What is expected
After finding "Pigiama lungo da" in the data, write out its line and all following lines without change, up to and including the last one. Leave out pictures.

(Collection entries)
• • • • •
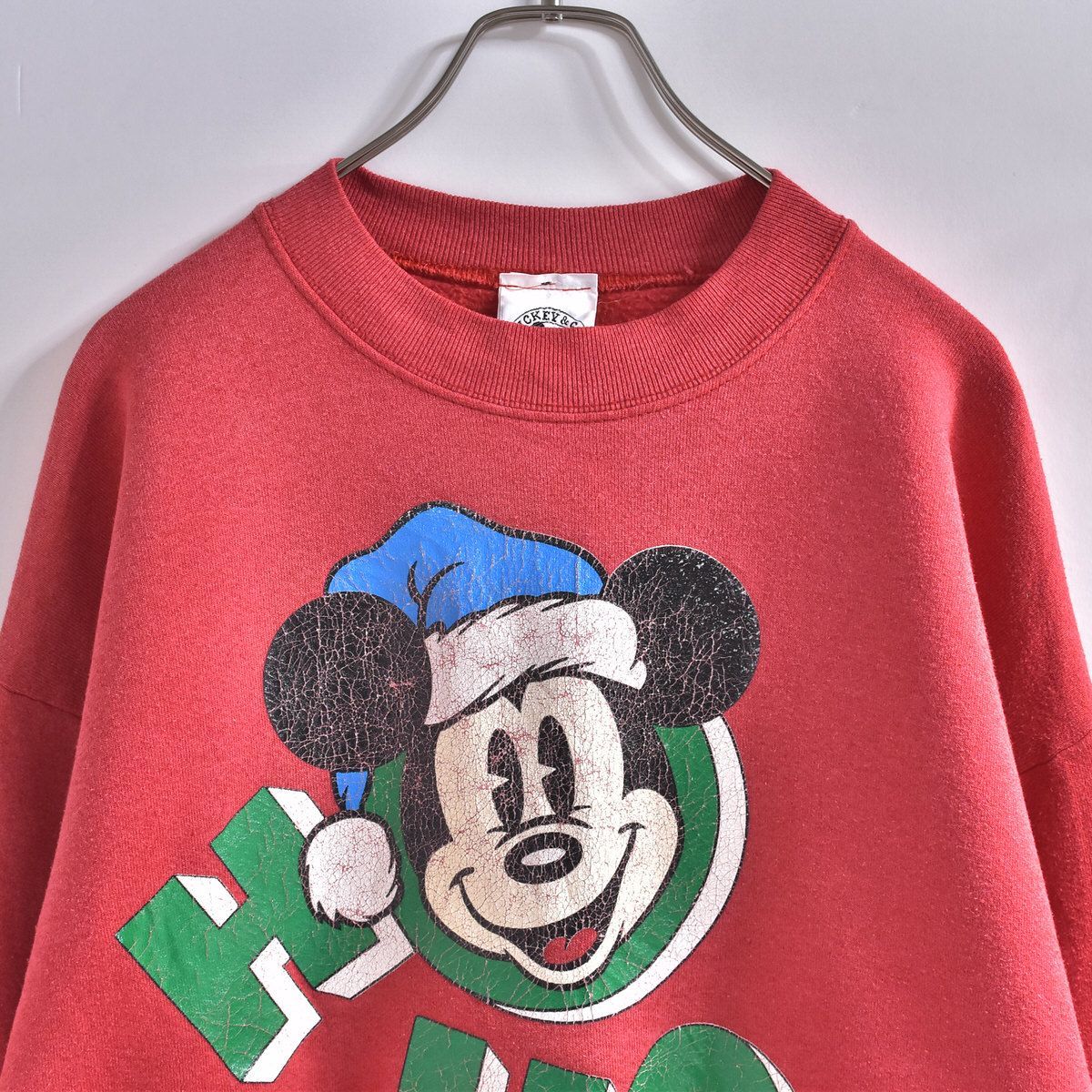 90s アメリカ製 Disney ミッキ&ミニー HO HO HO クリスマス スウェット 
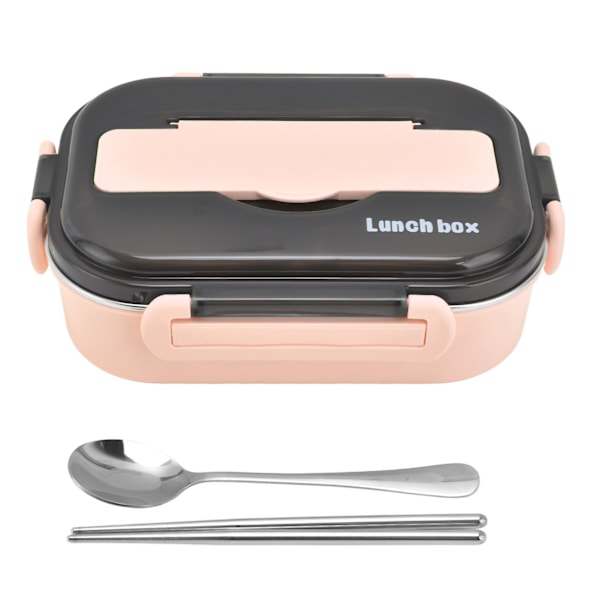 1L Bento Box 304 Rustfrit Stål Rum Indelinger Lækagesikker Bærbar Termisk Madkasse med Spisepinde Ske til PicnicPink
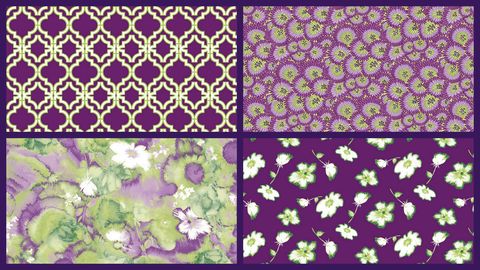 480x270 Easy Fabric Panel Quilt Kit Halloween Midnight Masquerade Wallnap - Purple Green Watercolor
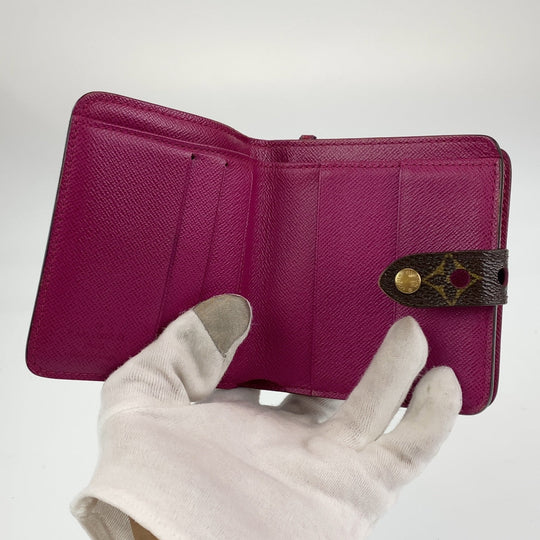 LOUIS VUITTON Bifold Wallet M95188 leather Brown Pink Gold Metal Folding wallet Compact wallet Monogram Perfo Fuchsia Compact zip Women Used Authentic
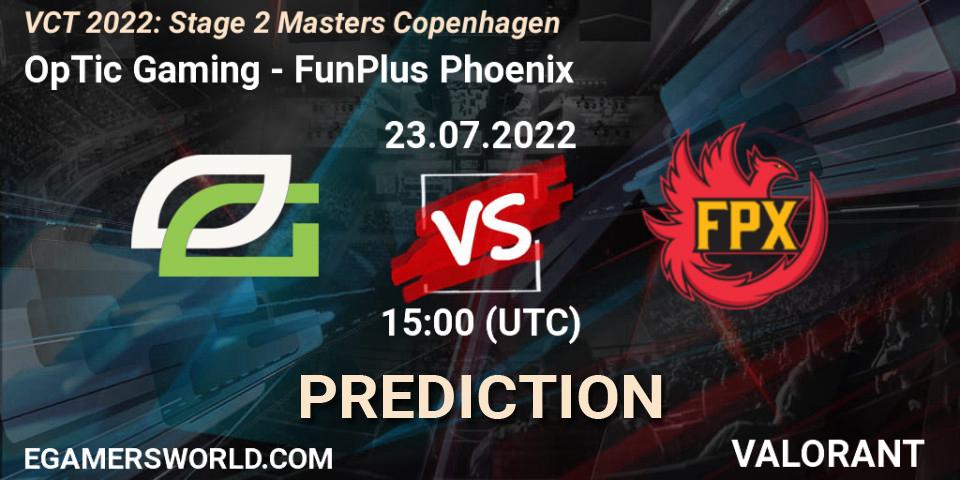 OpTic Gaming - FunPlus Phoenix: прогноз. 23.07.22, VALORANT, VCT 2022: Stage 2 Masters Copenhagen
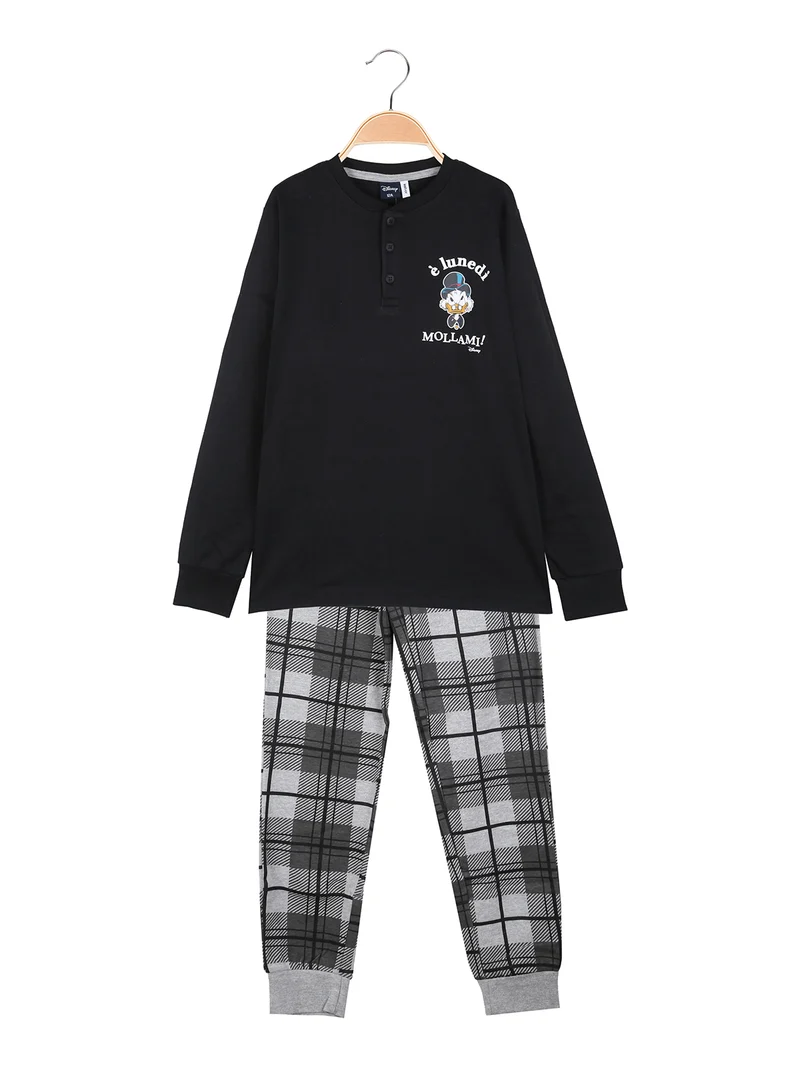 Pigiama lungo da ragazzo in cotone interlock - nero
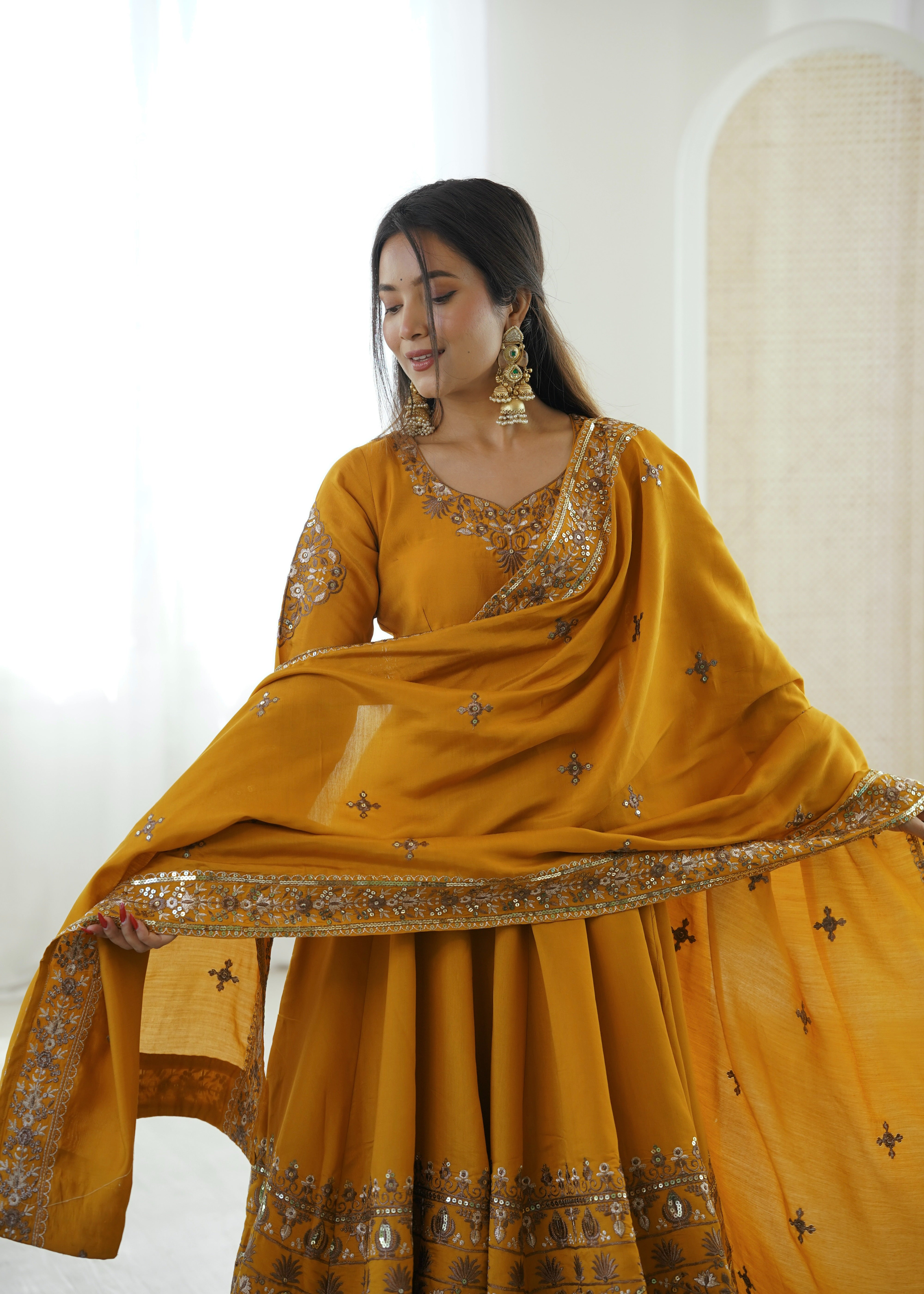 Womenline Royal Mustard Yellow & Gold Embroidered Anarkali Suit Set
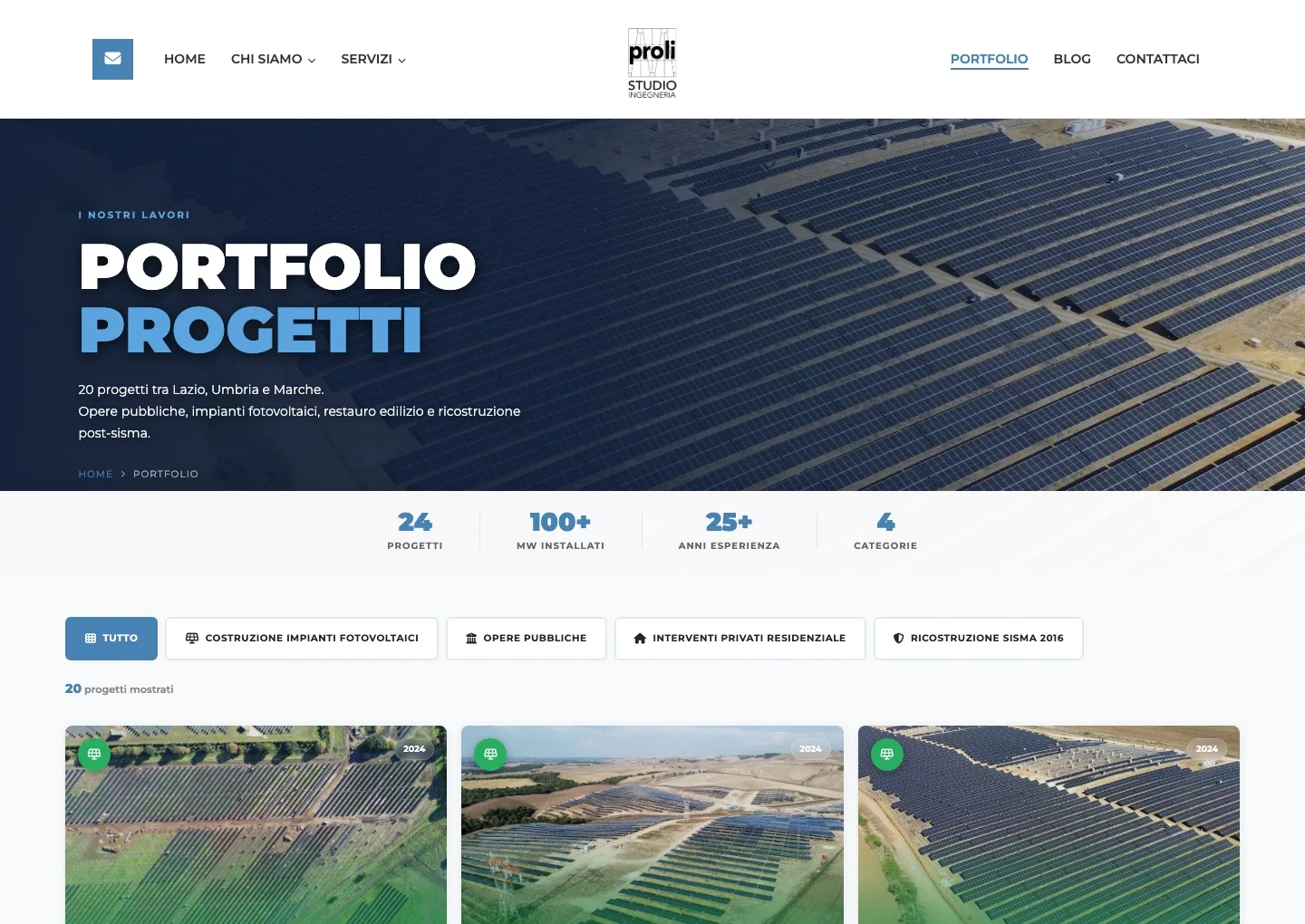 Studio Ingegneria Proli — la pagina Portfolio del sito custom con 20+ progetti per categoria, realizzato da DigyMarketing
• • • • •
Result of the task
 Pigiama lungo da ragazzo in cotone interlock - nero
 Womenline Royal Mustard Yellow & Gold Embroidered Anarkali Suit Set
 Studio Ingegneria Proli — la pagina Portfolio del sito custom con 20+ progetti per categoria, realizzato da DigyMarketing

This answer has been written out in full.